WHAT IS BEING ASKED
Exactly reproduce the lines from the one holding "Ervaar vastgoed alsof u er zelf doorloopt!" through the end of the records, including both boundary lines but no pictures.

═════ THE INPUT

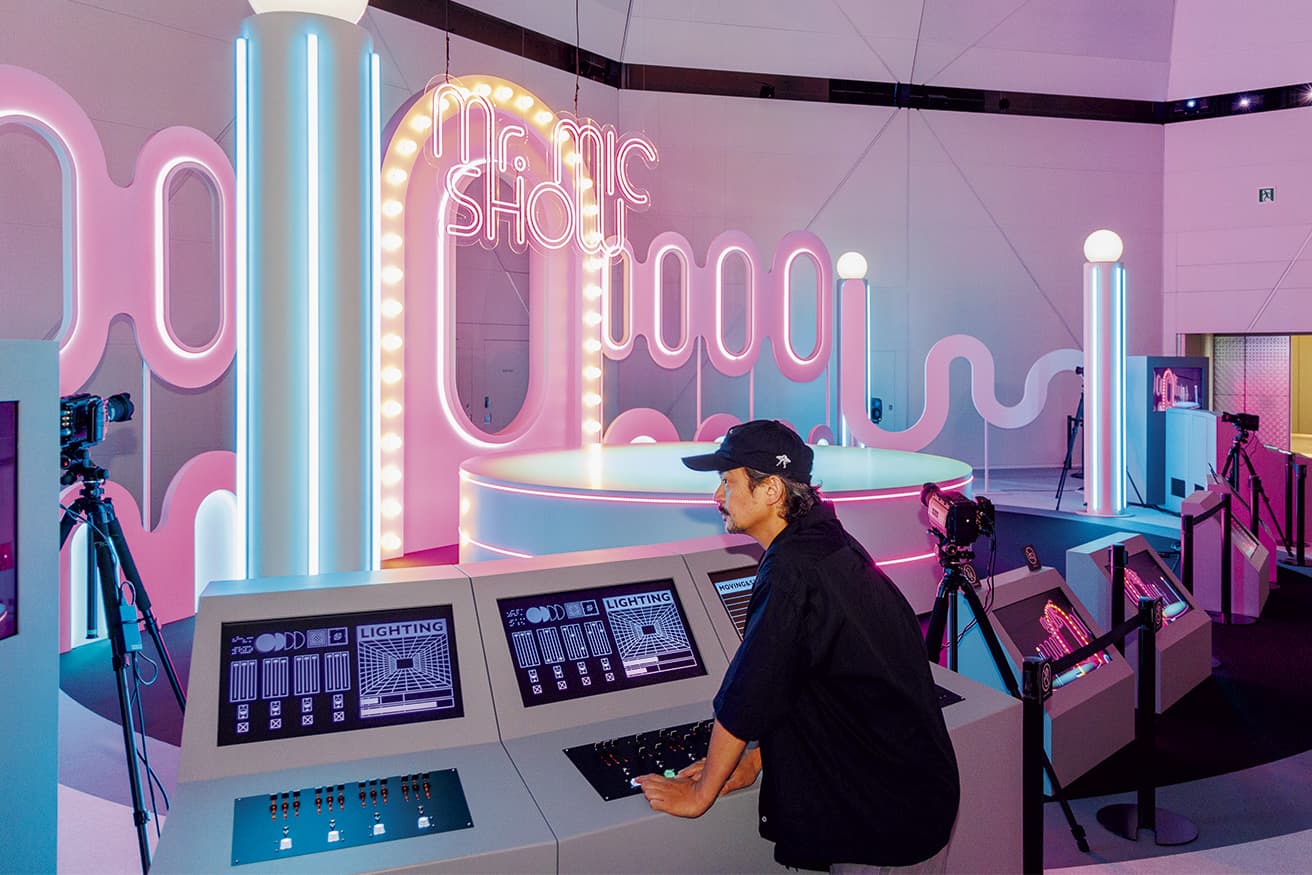 観客が調整卓を操作して “裏方” になりきれる新曲「IMA IMA IMA」展示。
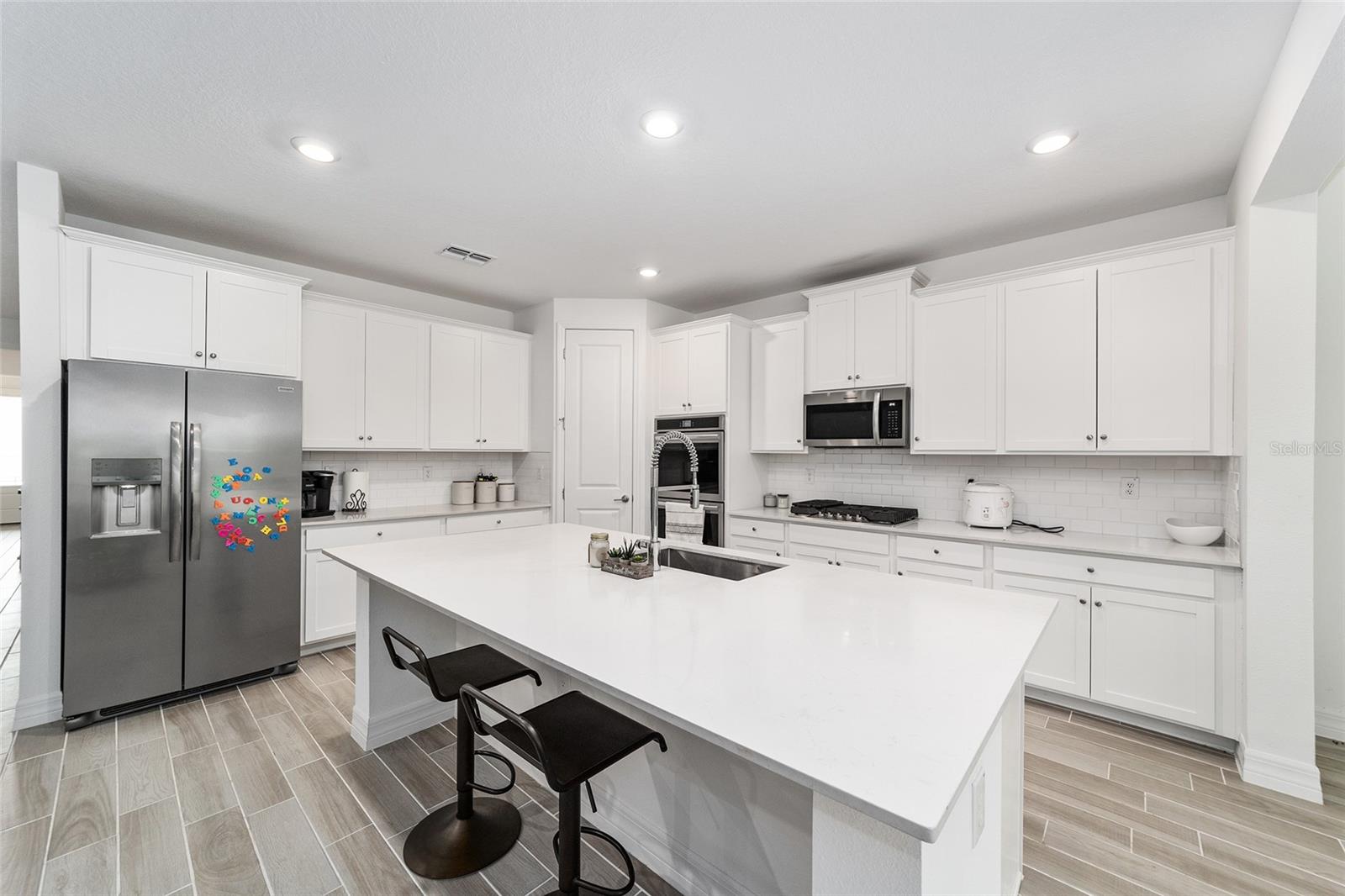 BELLECHASE OAK HAMMOCK - Residential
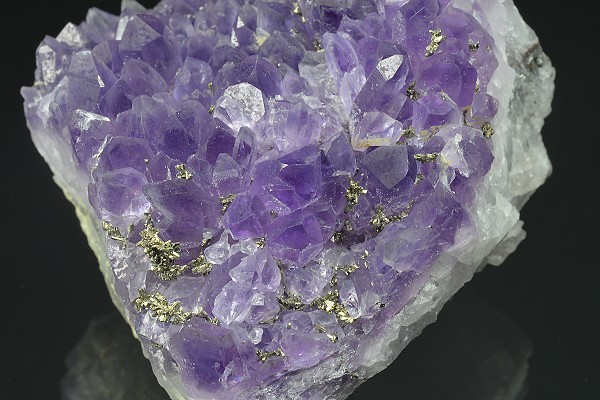 Quartz var.Amethyst, Pyrite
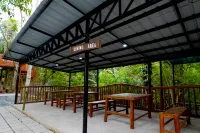 Ayong's Adventure Park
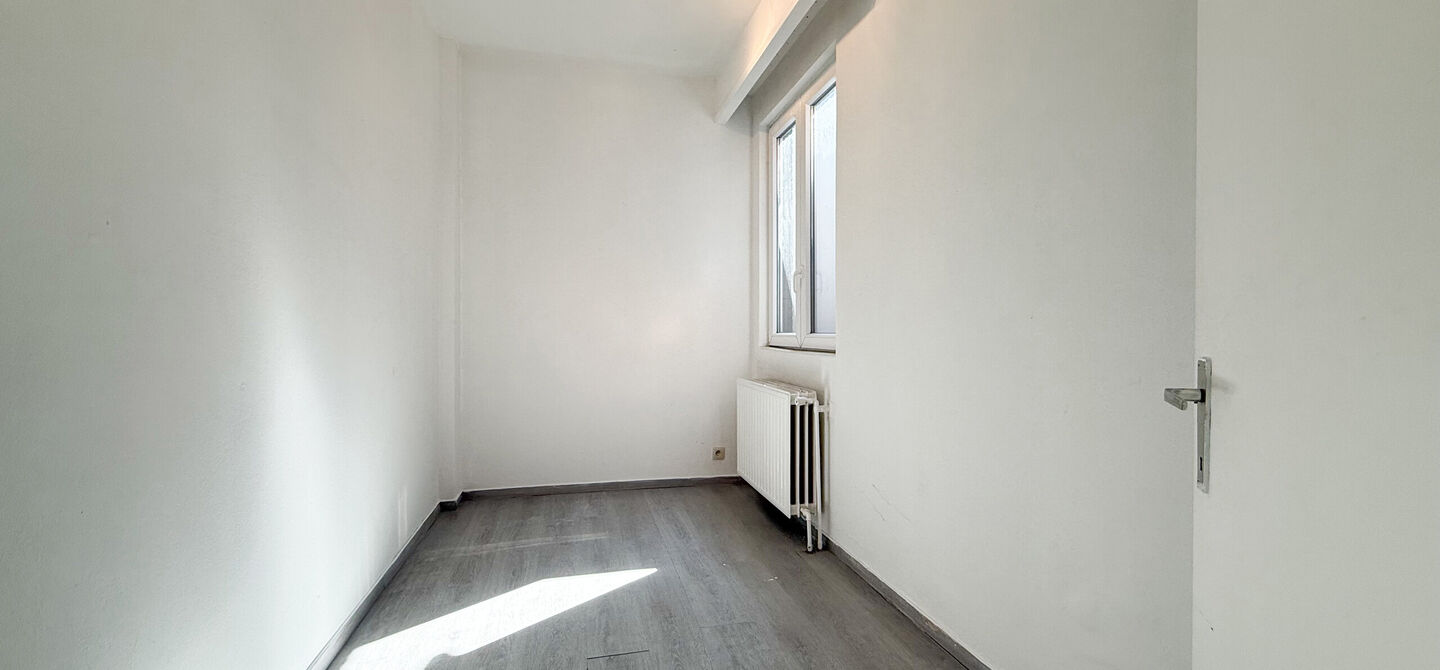 Bij ImmoFusion 7/7 “open huis” : klik op onze 3D-TOUR.
Ervaar vastgoed alsof u er zelf doorloopt!
Bent u op zoek naar een instapklaar appartement met twee slaapkamers, een gunstig EPC-label en een conforme elektrische installatie? Dan is dit appartem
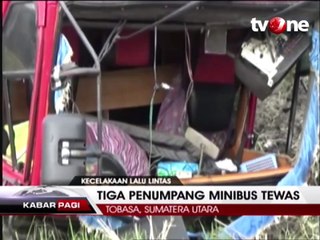 Tabrakan Truk Tangki BBM dan Minibus Tewaskan Tiga Orang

══════════

TASK ANSWER
Ervaar vastgoed alsof u er zelf doorloopt!
Bent u op zoek naar een instapklaar appartement met twee slaapkamers, een gunstig EPC-label en een conforme elektrische installatie? Dan is dit appartem
 Tabrakan Truk Tangki BBM dan Minibus Tewaskan Tiga Orang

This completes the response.